Annie Dillard – Pelgrim langs Tinker Creek (De Standaard)

Gewriemel bij het water

Lees hier de krantversie: Annie Dillard – Pilgrim

‘Pelgrim langs Tinker Creek’, het klassieke werk van Annie Dillard is vertaald en dat is heuglijk nieuws.

 

Kathy Mathys

 

Ik onderbrak het schrijven van dit stuk voor een kleine wandeling. De buitenwereld lonkte zo verrukkelijk op maandagochtend. De wintertakken staken af tegen het felle blauw. Ik hurkte neer om het rijp op het gras te inspecteren, merkte op dat de schaduwkant van de weide nog helemaal bevroren was. Bewust observeren heb ik geleerd. Toch gaan er weken voorbij waarin ik tijdens mijn wandelingen te veel in mijn hoofd verdwijn. Gelukkig is daar Annie Dillard. Haar werk kan je niet lezen zonder achteraf met nieuwe ogen om je heen te kijken.
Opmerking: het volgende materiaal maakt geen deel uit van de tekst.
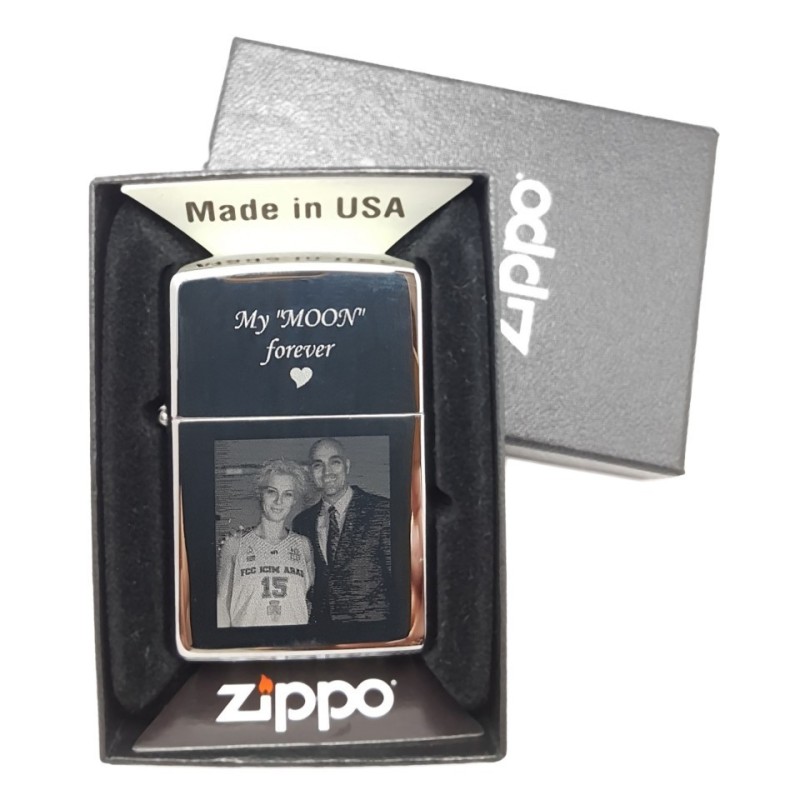            Bricheta Zippo Personalizata cu Poza si Textul Tau
         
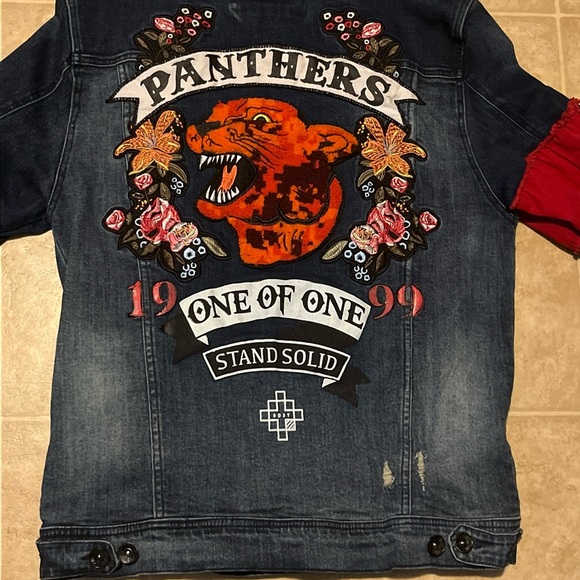 8ighth dstrkt denim button up distressed embroidered jean jacket - Picture 7 of 14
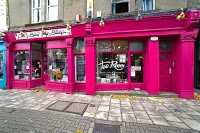 Cox and Baloney Boutique and Tearooms 951121 Image 3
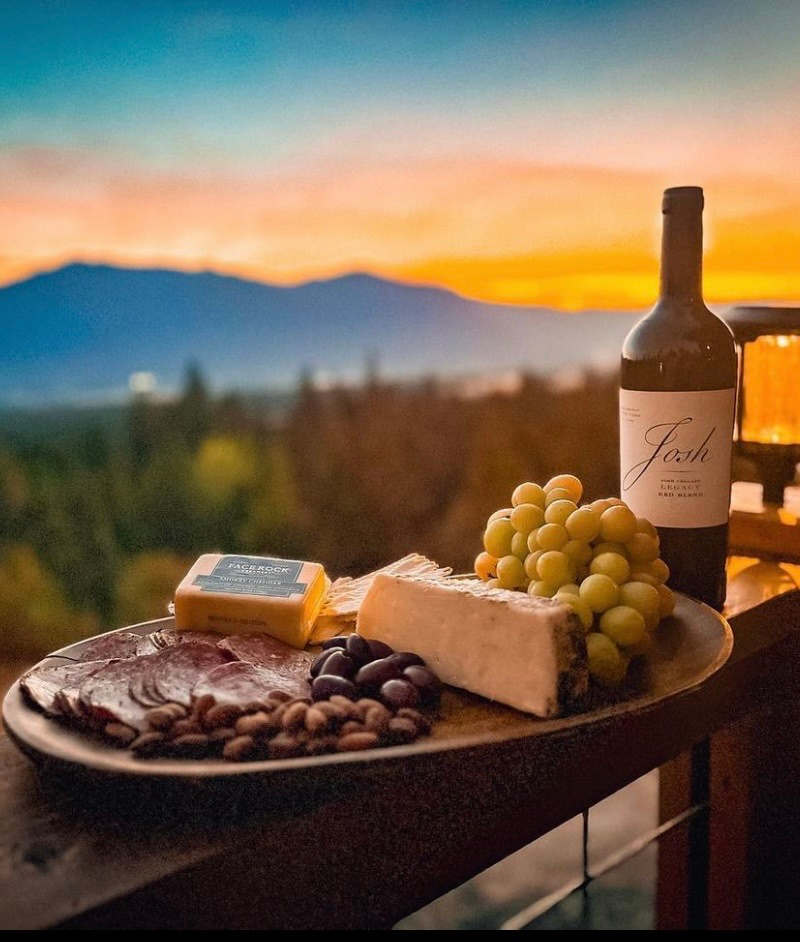 Lodge can offer snacks, ice or meals when available for additional fee.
De Amerikaanse won in 1974 de Pulitzer Prize voor ‘Pelgrim langs Tinker Creek’, een boek dat nu in het Nederlands is vertaald. Het staat al jaren op de leeslijst in Amerikaanse scholen, wat de schrijfster in haar nawoord uit 1999 het volgende liet opmerken: ‘Waarom zou je een boek lezen dat op de leeslijst van je puber staat?’ Nochtans, zo meent ze terecht, is het geschikter voor volwassenen dan voor jonge lezers. Laatstgenoemden bijten zich wellicht stuk op de gedragen, barokke zinnen van de Amerikaanse.

Zevenentwintig was Dillard toen ze besloot om een jaar lang te schrijven over de observaties die ze deed in de buurt van Tinker Creek, een dalriviertje in de Appalachen in de staat Virginia.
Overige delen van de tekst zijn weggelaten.